(Short web captions)
======
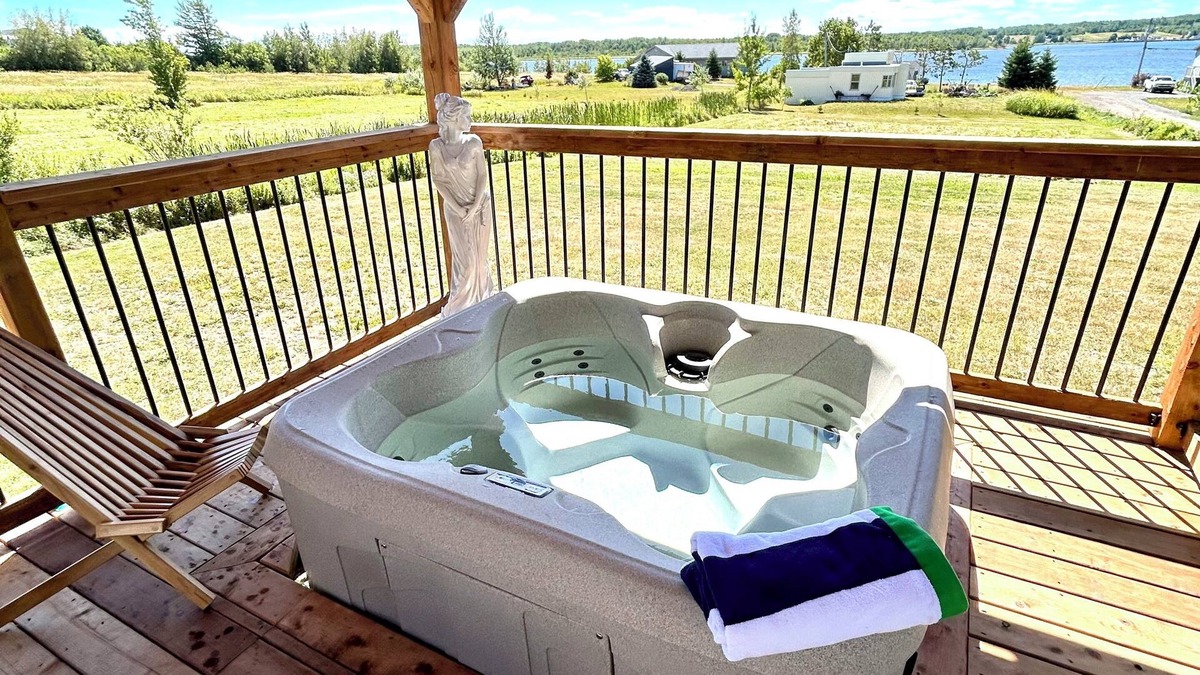 Sainte-Anne-de-Kent Cottage | Coastal Charm Meets Country Calm | Relaxing Cottage with Water Views & Hot Tub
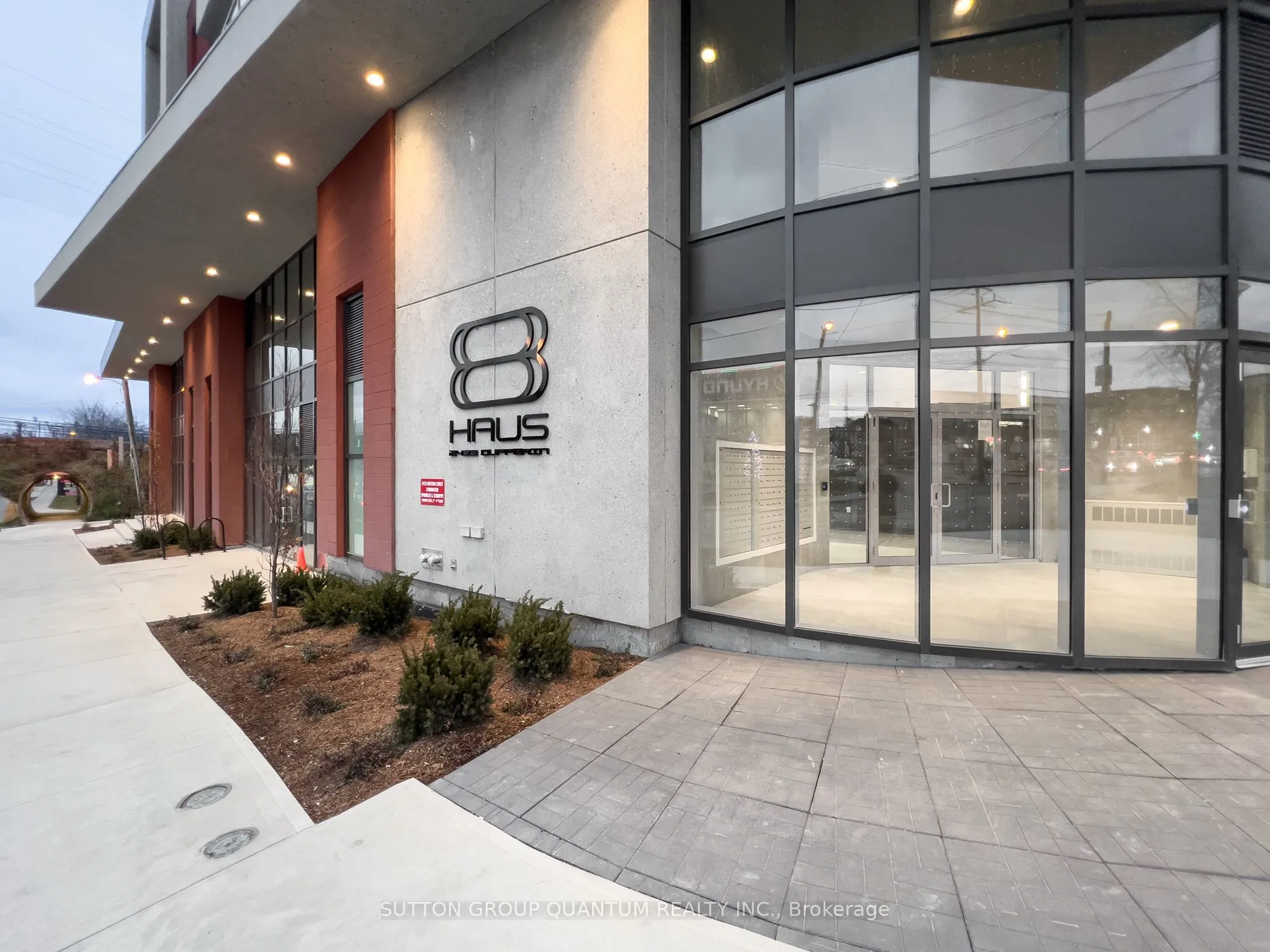 Property For Lease | W13012348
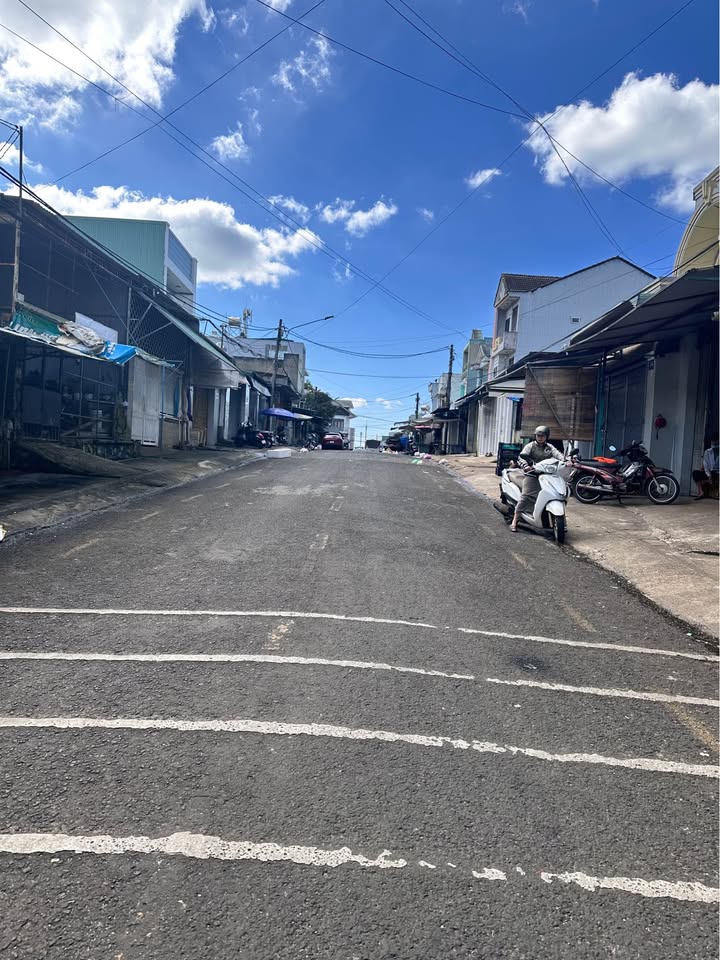 Nhà mặt tiền Hồ Xuân Hương, Pleiku 69m² giá 4.5 tỷ - Thiết kế thoáng mát, công năng đầy đủ!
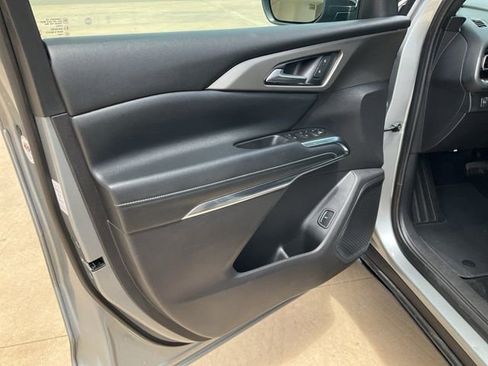 Used 2025 Chevrolet Traverse LT AWD/4WD image 4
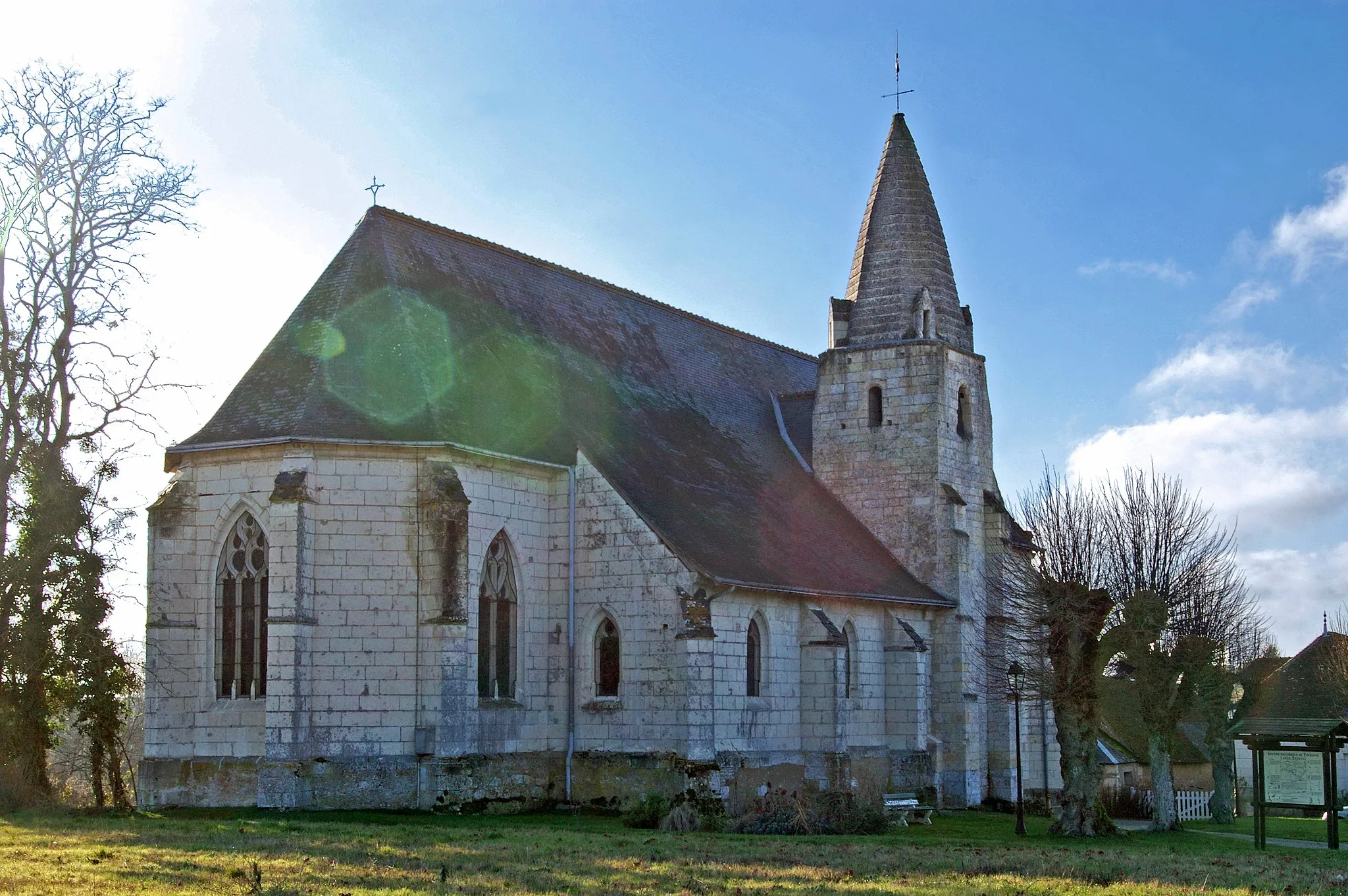 Photo showing: ÉGLISE SAINT MARTIN de Céré-la-Ronde.
L'église dédiée à St Martin date du XVIème siècle, seules les fondations de la nef et le clocher datent du XIIème siècle.
Church of St. Martin of Cere-la-Ronde.

The church dedicated to St Martin from the XVIth century, only the foundations of the nave and tower date from the twelfth century.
======
> [WORK REQUIRED]:
Print only the lines from the one with "Used 2025 Chevrolet" through the last line of the data above, exactly and with both ends, and please omit any pictures.

> [TASK OUTPUT]:
 Used 2025 Chevrolet Traverse LT AWD/4WD image 4
 Photo showing: ÉGLISE SAINT MARTIN de Céré-la-Ronde.
L'église dédiée à St Martin date du XVIème siècle, seules les fondations de la nef et le clocher datent du XIIème siècle.
Church of St. Martin of Cere-la-Ronde.

The church dedicated to St Martin from the XVIth century, only the foundations of the nave and tower date from the twelfth century.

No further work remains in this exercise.